• The problem: Copy every entry exactly as given, minus the images.

• Data records:
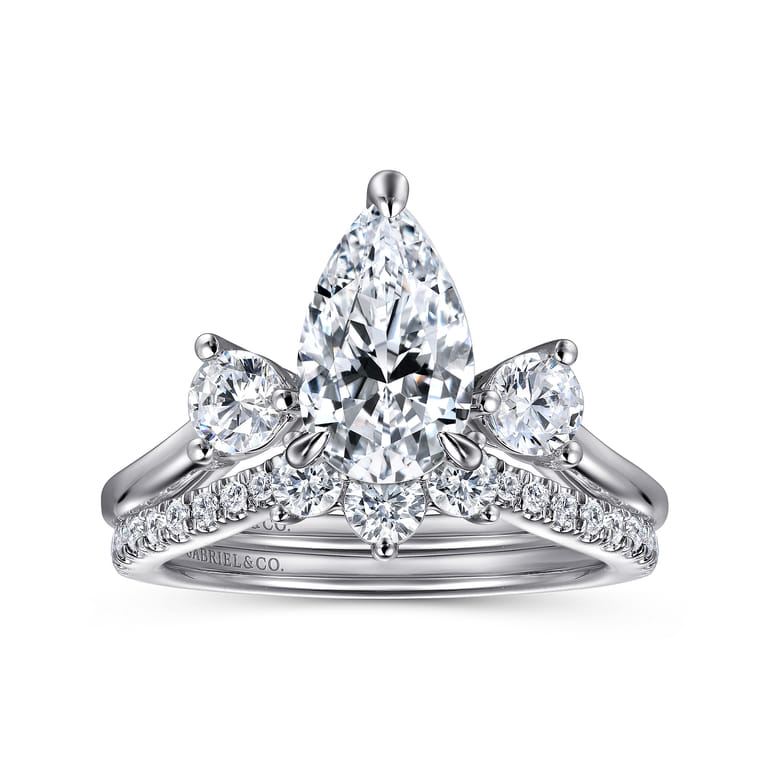 Aidy - 14K White Gold Three Stone Pear Shaped Chevron Engagement Ring - 0.4 ct - Shot 4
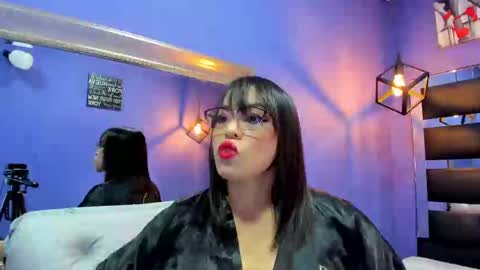 Romi  online show from 10.21.25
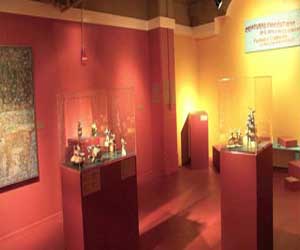   مصر اليوم - متحف مكسيكي يجمع تذكارات عن العلاقات الفاشلة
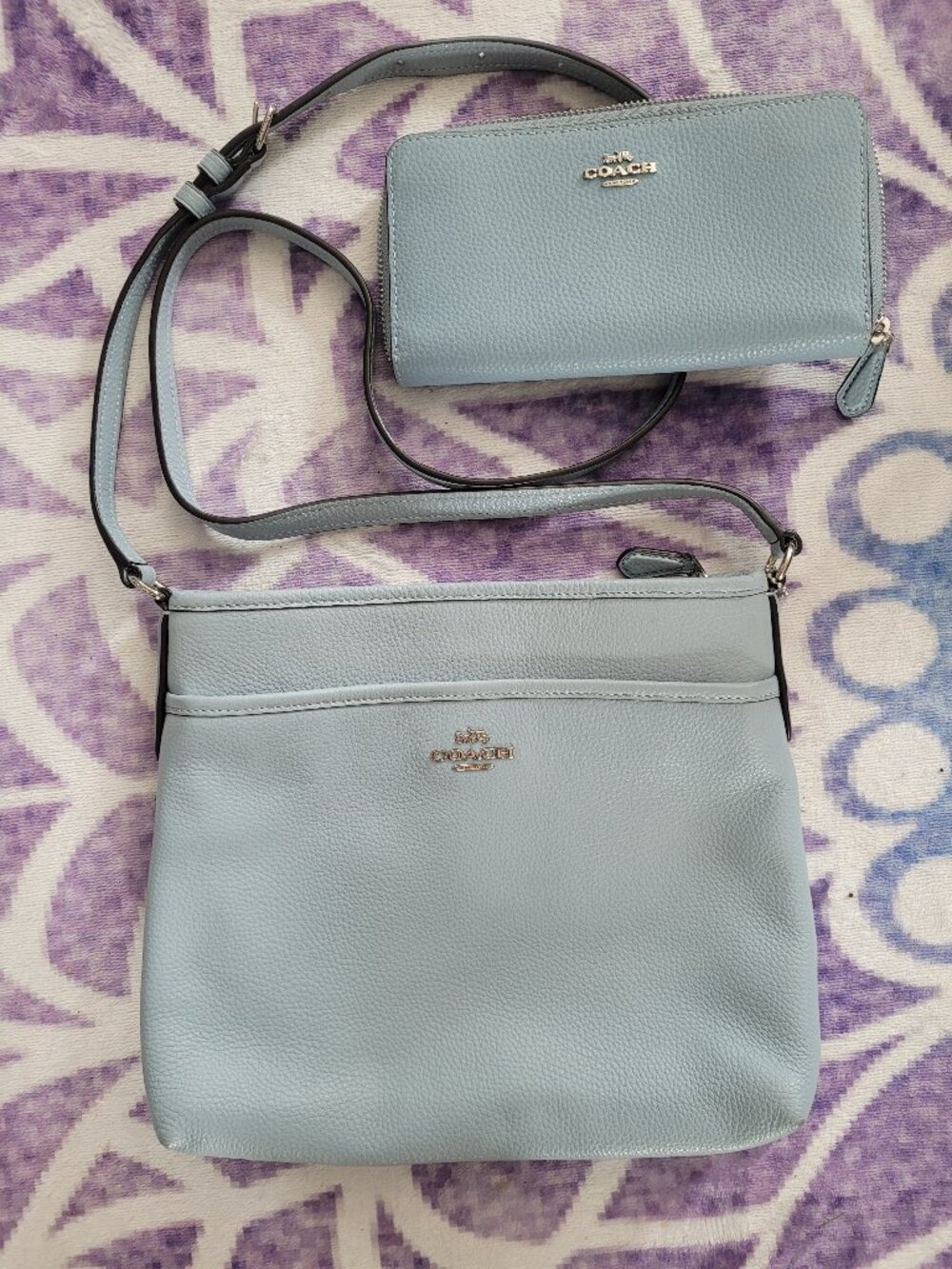 Coach crossbody purse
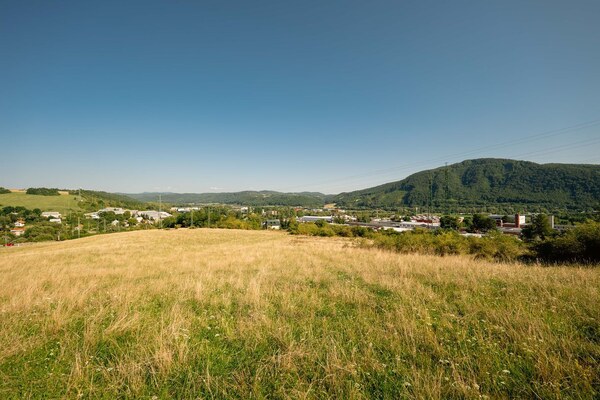 Na predaj stavebný pozemok pre rodinné domy – Banská Bystrica P306ZL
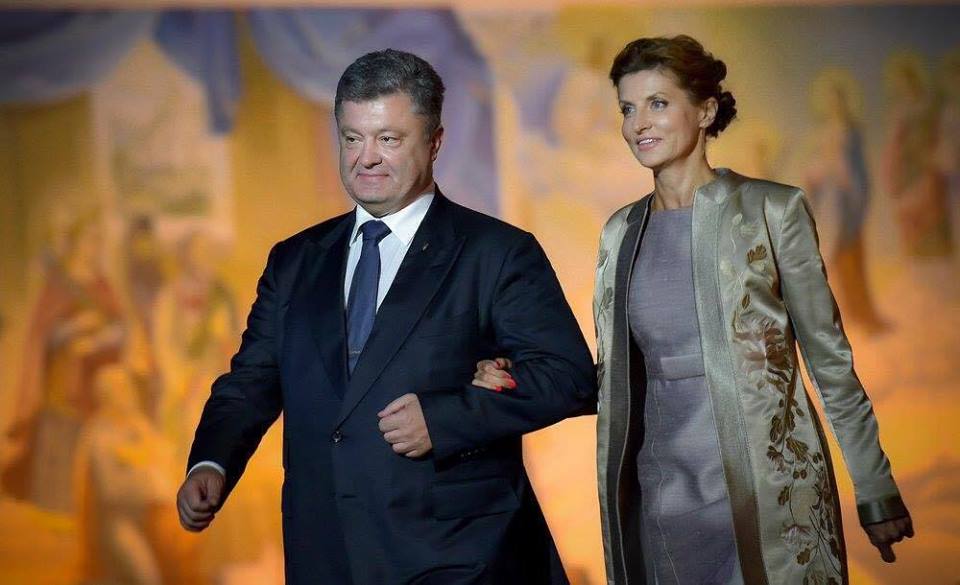 "С тобой всегда спокойно. Для меня огромное счастье иметь возможность идти рядом", - супруга Порошенко трогательно поздравила президента Украины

• Answer section:
 Aidy - 14K White Gold Three Stone Pear Shaped Chevron Engagement Ring - 0.4 ct - Shot 4
 Romi  online show from 10.21.25
   مصر اليوم - متحف مكسيكي يجمع تذكارات عن العلاقات الفاشلة
 Coach crossbody purse
 Na predaj stavebný pozemok pre rodinné domy – Banská Bystrica P306ZL
 "С тобой всегда спокойно. Для меня огромное счастье иметь возможность идти рядом", - супруга Порошенко трогательно поздравила президента Украины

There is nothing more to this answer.